Nous sommes chaque année au rendez-vous des journées de la poésie, en mai, avec un hommage au poète juif de l’avant-garde russe : Lev Rubinstein, décédé cette année, avec Hélène Henry-Safier et Laurent Natrella. Et enfin au rendez-vous de la « fête de la musique » autour du 21 juin avec une conférence musicale « Quand Édith Piaf chantait du Klezmer », avec Didier Francfort, et Nathan Kuperminc.
Et comme aperçu sur les enseignements dispensés cette nouvelle année universitaire ?
Il s’agit de cours d’enseignements semestriels ou annuels. D’histoire « Les Juifs et l’État », « Histoire des religions et histoire de l’humanité », ainsi que de conférences magistrales. Pascal Ory viendra donner une conférence sur le « Cher et vieux pays ». De langues : hébreu et arabe ; et en prévision de démarrage : latin, grec et yiddish. De philosophie : « lire la Bible avec Rachi », « la question du Mal : du judaïsme à la philosophie allemande », « Spinoza et Rachi en miroir ». D’histoire de l’art : « La Seconde Guerre mondiale à l’écran : silence du passé, craintes de l’avenir », « Représentations des figures bibliques dans les trois monothéismes ».

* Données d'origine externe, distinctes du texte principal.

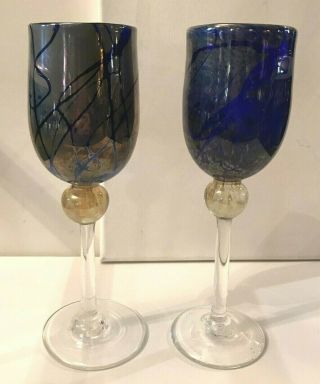 2 Christine Runyon Signed Cobalt Blue Iridescent Studio Art Glass Wine Glasses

Et de séminaires, l’un d’« Approches psychanalytiques », cette année sur les apports anthropologiques freudiens ; l’autre de « Lectures croisées, philosophie, herméneutique, psychanalyse », cette année avec des lectures croisées de « Difficile liberté » d’Emmanuel Levinas. Enfin, l’IUR assure les enseignements du Diplôme universitaire « Droit, laïcité et cultures monothéistes » en partenariat avec l’UFR Droit et Sciences politique de l’URCA. C’est un des aspects du reliement de ces activités avec des établissements publics d’enseignements secondaires, universitaires, ou culturels, de la ville de Troyes et de l’agglomération troyenne, chaque fois que possible.
La ville de Troyes et le département de l’Aube, ont une longue histoire depuis le Moyen Âge avec une présence de populations juives. La personnalité de Rachi en est l’emblème le plus internationalement connu. Quelles en sont les traces encore aujourd’hui, et quel lieu lié au patrimoine culturel juif trayen mériterait d’être mieux connu ?

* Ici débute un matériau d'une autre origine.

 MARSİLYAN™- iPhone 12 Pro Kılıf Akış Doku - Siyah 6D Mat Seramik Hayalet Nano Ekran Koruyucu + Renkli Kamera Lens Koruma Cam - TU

Le plus patent est le plus immatériel, c’est ce qui se nomme le Genius loci. Non plus une des divinités protectrices du panthéon polythéiste des Antiquités romaine, mais : l’« Esprit du lieu ». L’« âme » distinctive de l’endroit. Une ambiance diffuse, dont la très forte et fidèle fréquentation des activités de l’Institut par le public local témoigne. Dont le soutien indéfectible à celui-ci par les autorités locales est la marque la plus indubitable. Elle a retrouvé l’esprit protecteur des Comtes de Champagne, par-dessus les épisodes persécutifs et d’effacement d’une présence juive du temps de Philippe Le Bel et les siècles suivants.
Ensuite, il y a hors l’Institut universitaire Rachi, le parcours muséal de la « Maison Rachi » de l’autre côté de la rue, mitoyen de la synagogue. Il y a les richesses bibliothécaires de la médiathèque de Troyes et ses joyaux de livres anciens, si rares, si impensables d’existence avant de les avoir vus. Il y a encore le monument dédié à Rachi devant le théâtre de Champagne, du sculpteur Raymond Moretti.
Et puis, il y a aussi le parcours « Rachi », qui balise la vie juive au temps de Rachi, en Champagne : Dampierre, Lhuitre, Ramerupt, et ces lieux dans le vieux Troyes dont la disposition des habitats portent l’empreinte « fantôme » de la vie juive médiévale.
Enfin, en levant le nez, on peut tomber sur des surprises à nulle autre pareille, comme ce Moïse avec ses tablettes gravées en caractères hébraïques, sculpté au coin de la façade d’une maison ancienne. Il pourrait faire emblème pour l’esprit de la ville, d’une fraternité juive et chrétienne au sein d’un monothéisme éthique.